Dramatyczne losy Macieja Berbeki i Tomasza Kowalskiego w Karakorum

– Jesteśmy tu dla rodzin i bliskich, ale z mojego doświadczenia wynika, że nie ma już żadnych szans – tak o zaginionych himalaistach mówił dziś kierownik wyprawy na Broad Peak Krzysztof Wielicki. Wiadomo też, że Tomasz Kowalski schodząc ze szczytu był skrajnie wyczerpany. – W pewnym miejscu zatrzymał się i dalej nie chciał schodzić. Ostatnie jego słowa były takie, że będzie próbował, ale ja się obawiam, że przy tej próbie mógł spaść. On nie mógł kroku jednego zrobić. W nocy hipotermia, minus 40, był wyziębiony zupełnie. Zaleciłem mu leki pewne. Jeden wziął, drugi mu wypadł. On był już bardzo słabiutki, on już mówił cicho – opowiada Krzysztof Wielicki, kierownik wyprawy. Z Maćkiem Berbeką kontaktu nie było w ogóle. Odezwał się tylko jeden raz, na szczycie. – To jest też w ogóle tajemnica, będziemy rekonstruować wszystkie wydarzenia. Mamy nagrania, co się stało, że Maciek się nie łączył, nie wyjmował w ogóle telefonu – dodaje Krzysztof Wielicki.

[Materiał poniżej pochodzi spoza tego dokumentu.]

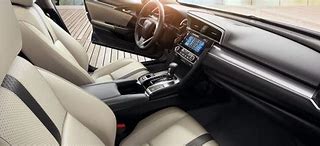 Image result for 2018 Honda Civic Ex Interior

Musiało się stać coś nagle, że weszli w dobrej kondycji na szczyt i nagle z trudem po wielu godzinach dopiero dotarli do przełęczy, na której powinni być w ciągu niespełna godziny – mówi Artur Hajzer, szef projektu Polski Himalaizm Zimowy.

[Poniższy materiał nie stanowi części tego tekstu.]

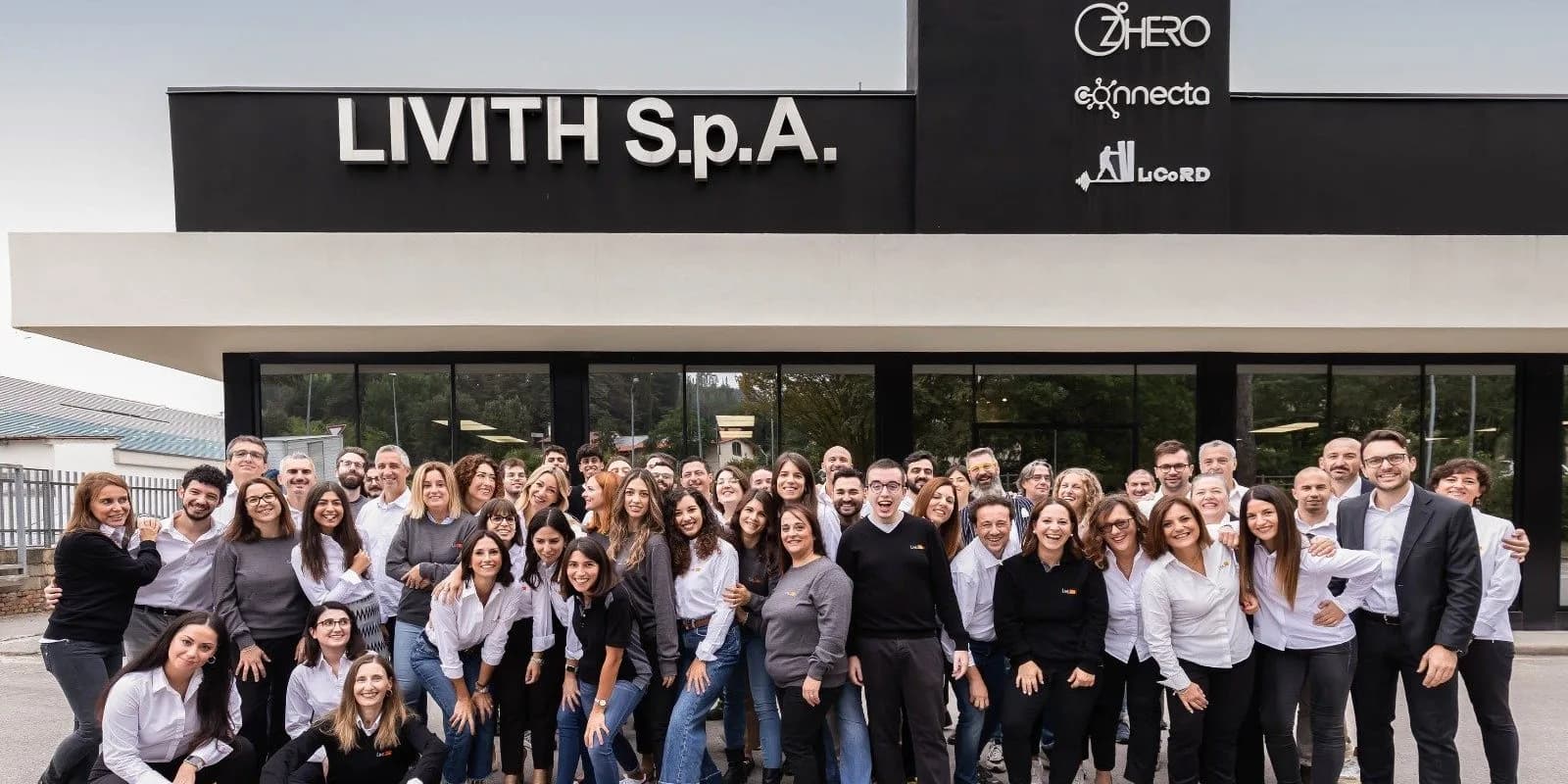 Il gruppo Livith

Dramatyczne chwile Polaków w Karakorum wstrząsnęły całym środowiskiem wysokogórskim. Jak mówi Alina Markiewicz kolejny dramat to ten osobisty Krzysztofa Wielickiego, jako kierownika wyprawy. – Pokierował 30 wyprawami, na których nikt nie zginął. Utrata pod koniec nie ukrywajmy, że u schyłku jego kariery górskiej, bo ma 63 lata więc z pewnością rzeczy ekstremalnych robił nie będzie, to utrata dwóch ludzi na wyprawie i przyjaciela, którego namówił na tę wyprawę, to jest kolejny dramat, który na tej wyprawie się wydarzył. Gdy pojawiła się informacja w mediach o sukcesie czwórki Polaków oni cieszyli się tylko połowicznie. Czekali na bezpieczne zejście. Jak mówią, himalaiści, osiemdziesiąt procent wypadków w górach zdarza się właśnie podczas schodzenia ze szczytu. – Kiedy człowiek jest już naprawdę zmęczony, organizm jest często odwodniony i podczas zejścia też bardzo często utrzymać taki poziom koncentracji, a tutaj wystarczy jeden najmniejszy błąd, aby wylądować w szczelinie albo osunąć się po potężnym lodowym zboczu – opowiada Bogusław Margel, prezes Polskiego Klubu Alpejskiego w Tychach.

Tym co się wydarzyło w Karakorum wstrząśnięci są również państwo Bieleccy. Ich syn wraz z Arturem Małkiem jest już w bazie, cały i zdrowy. Wiedzą też, że niebawem znów wyjedzie na wyprawę. – Wiadomo, że jedzie tam po to, żeby wejść na tę górę, ale priorytet to jest bezpieczeństwo i najważniejsze to jest zejść do bazy. Wrócić do nas i w to głęboko wierzymy. Tego się trzymamy, bo jak inaczej można byłoby żyć z takimi dziećmi – mówią Danuta i Romuald Bieleccy, rodzie Adama, uczestnika wyprawy na Broad Peak. Życie z himalaistą nie jest łatwe – przyznaje Ryszard Pawłowski. – Narażamy swoje zdrowie, narażamy często swoje życie. Narażamy na stres naszych najbliższych i poświęcamy czas. Poświęcamy wszystko i to rzeczywiście trudno jest wytłumaczyć kto tam nie był, kto tego nie przeżył.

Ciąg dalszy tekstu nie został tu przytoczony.